早大・西垣雅矢は練習始動日となった1月5日、プロ志望を表明。報徳学園高では3年春のセンバツ甲子園で4強進出へと導いている
2002年10月上旬、報徳学園高に在籍した
尾崎匡哉(元
日本ハム)の取材へ行った。ドラフトを控えた思いを聞く、直前企画である。
同年春、報徳学園高はセンバツを28年ぶり2度目の制覇。グラウンドでは、尾崎とともに、優勝の原動力となった
大谷智久も大学進学へ向けて汗を流していた。そこで、永田裕治監督(現・日大三島高監督)はふと、口にした。

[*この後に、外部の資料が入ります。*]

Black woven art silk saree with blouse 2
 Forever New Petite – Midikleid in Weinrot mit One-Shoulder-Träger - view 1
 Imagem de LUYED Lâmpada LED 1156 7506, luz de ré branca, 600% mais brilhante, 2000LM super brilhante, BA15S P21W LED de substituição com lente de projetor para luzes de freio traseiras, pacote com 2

「大谷には、何も言うことはない。正直、このままプロへ行ってもやれると思います」
大谷は早大で東京六大学通算18勝を挙げ、トヨタ自動車では2度の日本選手権制覇に貢献。2010年ドラフト2位で
ロッテに入団した。実働10年で通算120ホールド。マリーンズのブルペンを支え続け、昨季限りで引退した。
前置きが長くなった。
早大は1月5日、新年の練習をスタートした。報徳学園高、早大と大谷と同じ道を歩んできた147キロ右腕・西垣雅矢(新4年)は、大学卒業後の目標として「プロ」を掲げた。
「大谷さんですか? 報徳では『伝説の人』として語り継がれていました。とにかく真面目過ぎる、と。だからこそ、あれだけ長く、プロで活躍された。自分も誰よりも努力して、態度の部分で見せていきたいと思います」
西垣は報徳学園高のエースとして、17年春のセンバツで4強進出。早大への進学が決まった17年12月、母校にあいさつへ来た大谷と一度だけ会ったことがある。西垣はあまりの緊張により、大先輩へ対して「早稲田へ行きます!」と報告するのがやっとだったという。
昨秋までリーグ戦通算6勝(3敗)。先発投手として、1試合を投げ切るため、打者3巡目以降の投球を課題にしている。ストレートの球質アップに加えて、チェンジアップら緩急自在の配球を追い求めている。
「優勝に貢献して、プロに行きたい」
巨人ファンであり、
菅野智之のような圧倒的なピッチングを目指している。そして、先輩・大谷のように息の長い投手になるのが目標だ。